## Aim of the exercise
Restate exactly the lines of the entries below, beginning with the first and ending with the line that holds "Chief Minister gives". Pictures are not copied.

## Pictures with short captions
_____
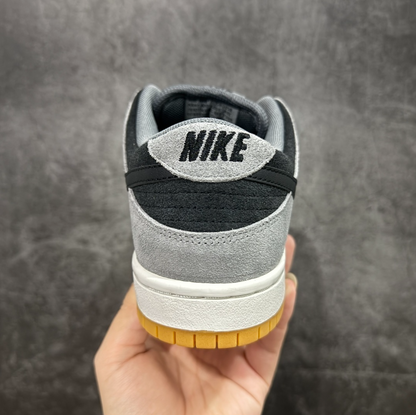 New VT Dunk Low NIKE
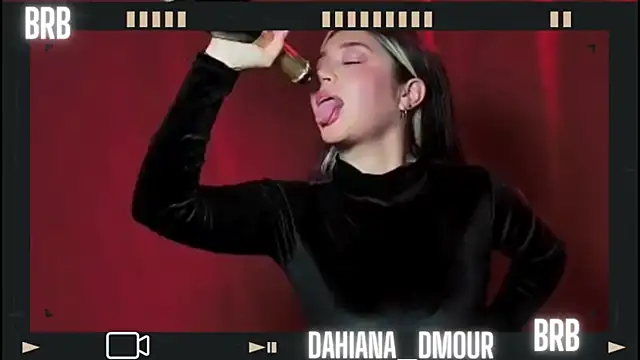 Snapshot of Dahian_Dmour chatting on December 13, 2025, 8:04 pm Dahian Dmour online show from December 13, 2025, 8:04 pm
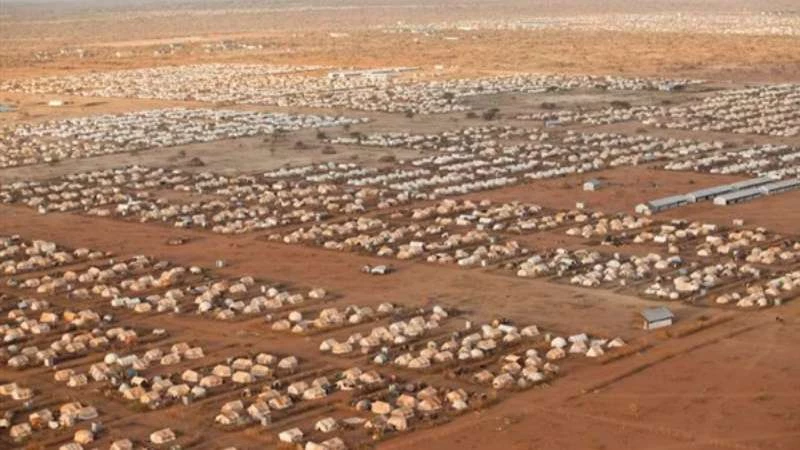  بالصور .. تعرف على أضخم مخيم للاجئين في العالم
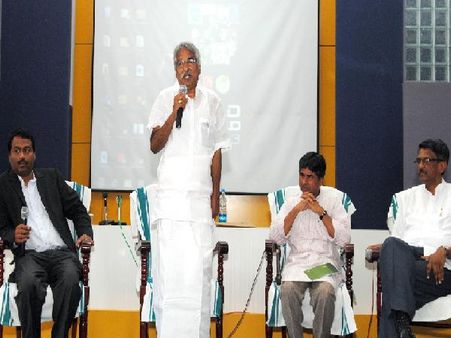 Chief Minister gives leadership lessons to students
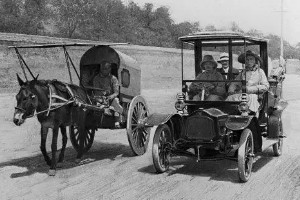 汽車發(fā)展史順序圖片 經(jīng)歷了三個階段(汽車誕生于1885年)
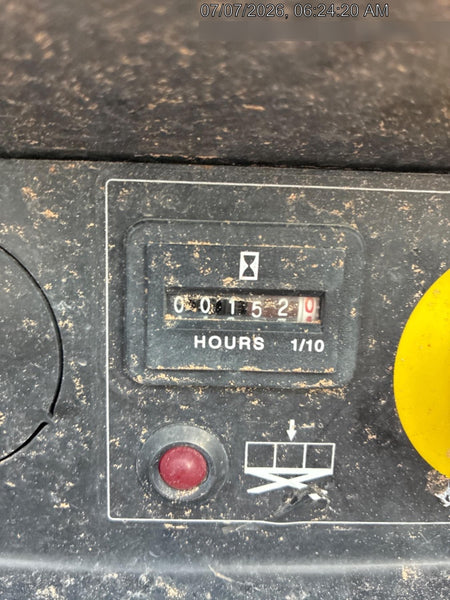 2022 JLG ES1932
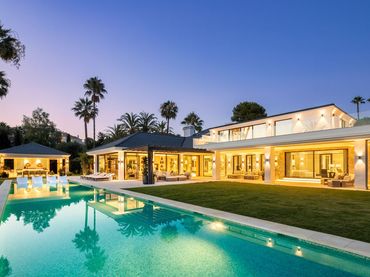 Casa con piscina en venta en Nueva Andalucía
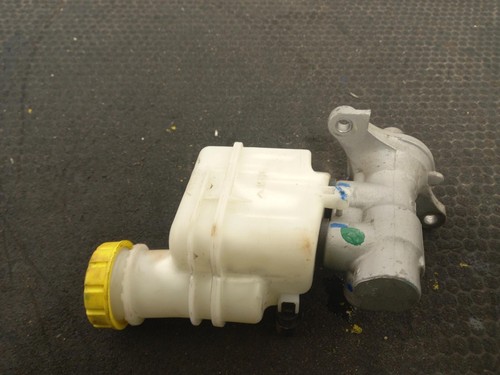 Fiat 500 brake master cylinder - master,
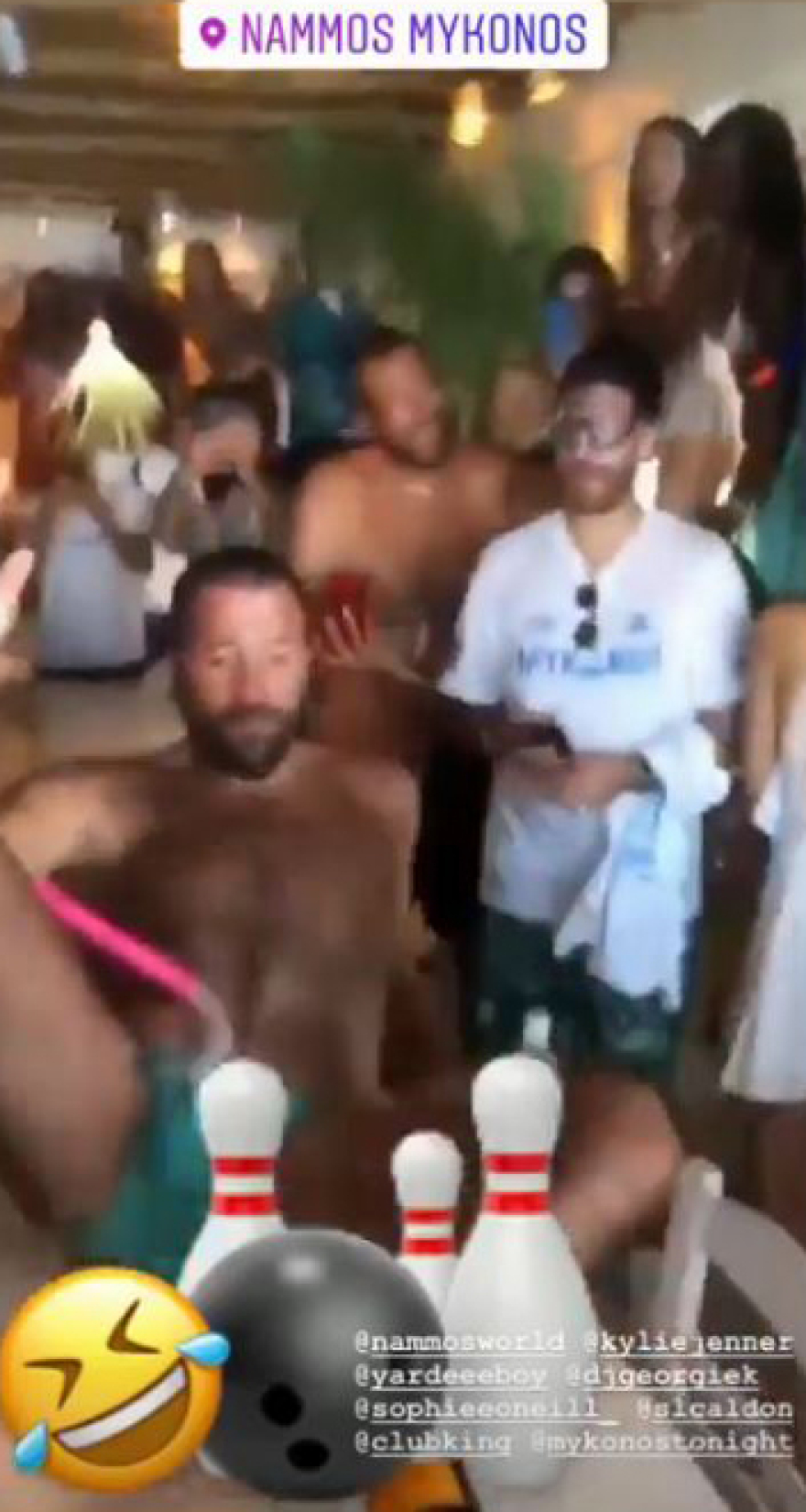 Μύκονος: Το τερμάτισαν με... ανθρώπινο μπόουλινγκ πάνω στο τραπέζι 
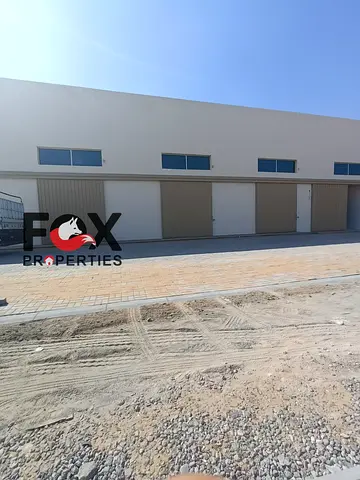 فرصة ذهبية لاصحاب الشركات والاستثمار في دولة الامارات مستودع للايجار السنوي بمنطقة الجرف الصناعية 2 علي طريق محمد بن زايد سهلة المخرج للشارقة ودبي قري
_____
## Response to the task
 New VT Dunk Low NIKE
 Snapshot of Dahian_Dmour chatting on December 13, 2025, 8:04 pm Dahian Dmour online show from December 13, 2025, 8:04 pm
  بالصور .. تعرف على أضخم مخيم للاجئين في العالم
 Chief Minister gives leadership lessons to students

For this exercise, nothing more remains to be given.